Irish courts take tough line on data protection
No HMRC debacle in the Emerald Isle
The Irish legal system has deployed the ultimate weapon in the war against inadvertent loss of confidential data - a foolproof system of outside contractors coupled to shredders which ensures that no potentially sensitive information is ever read by anyone.
In a successful test run of the new scheme last week, all of the mail delivered to Dublin's Four Courts on Tuesday was destroyed without being opened. The Courts Service later attributed the trashing to "an outside contractor [who] mistakenly added two bags of mail to bags of documents for shredding".
The service is now rather marvellously "asking people who may have sent post to the Four Courts in the past few days to find out whether it was received or not", as RTÉ explains.
It did, however, assure the public that at no time was sensitive material in danger of doing an HMRC, and confirmed "there has not been a breach of confidentiality as all of the post was shredded".
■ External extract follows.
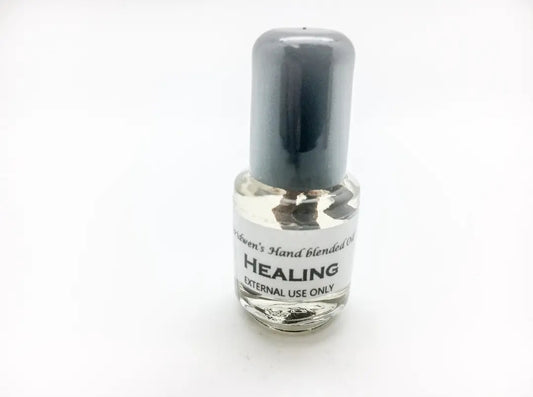 Healing Ritual Oil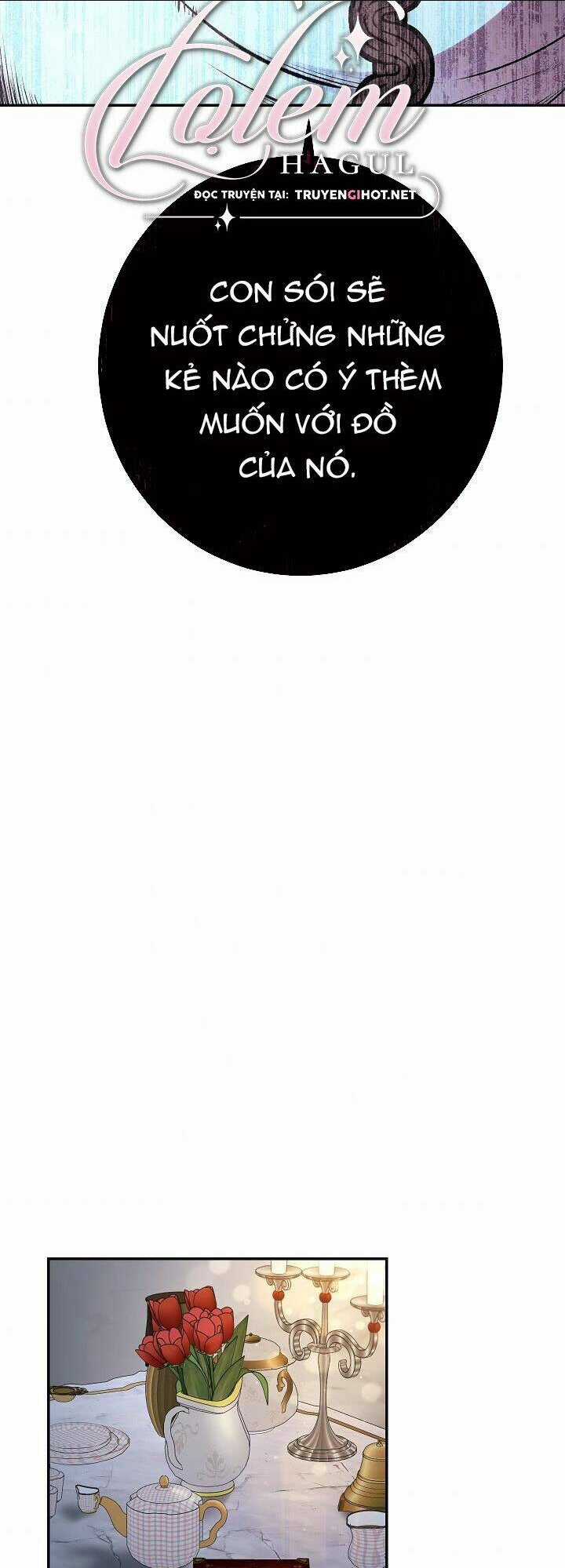 Cuộc Hôn Nhân Vụ Lợi Chapter 31.2 trang 10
It works for us, and we're sure that as we speak Alistair Darling is thumbing through shredder catalogues and keenly eyeing portable disc incinerator websites. ®
Thanks to Tristan Corry-White for the heads-up. For those of you not up to speed on Irish courts, the Four in question were previously the Courts of Chancery, Exchequer, Kings Bench and Common Pleas, now less glamorously known as Courts 1, 2, 3 and 4.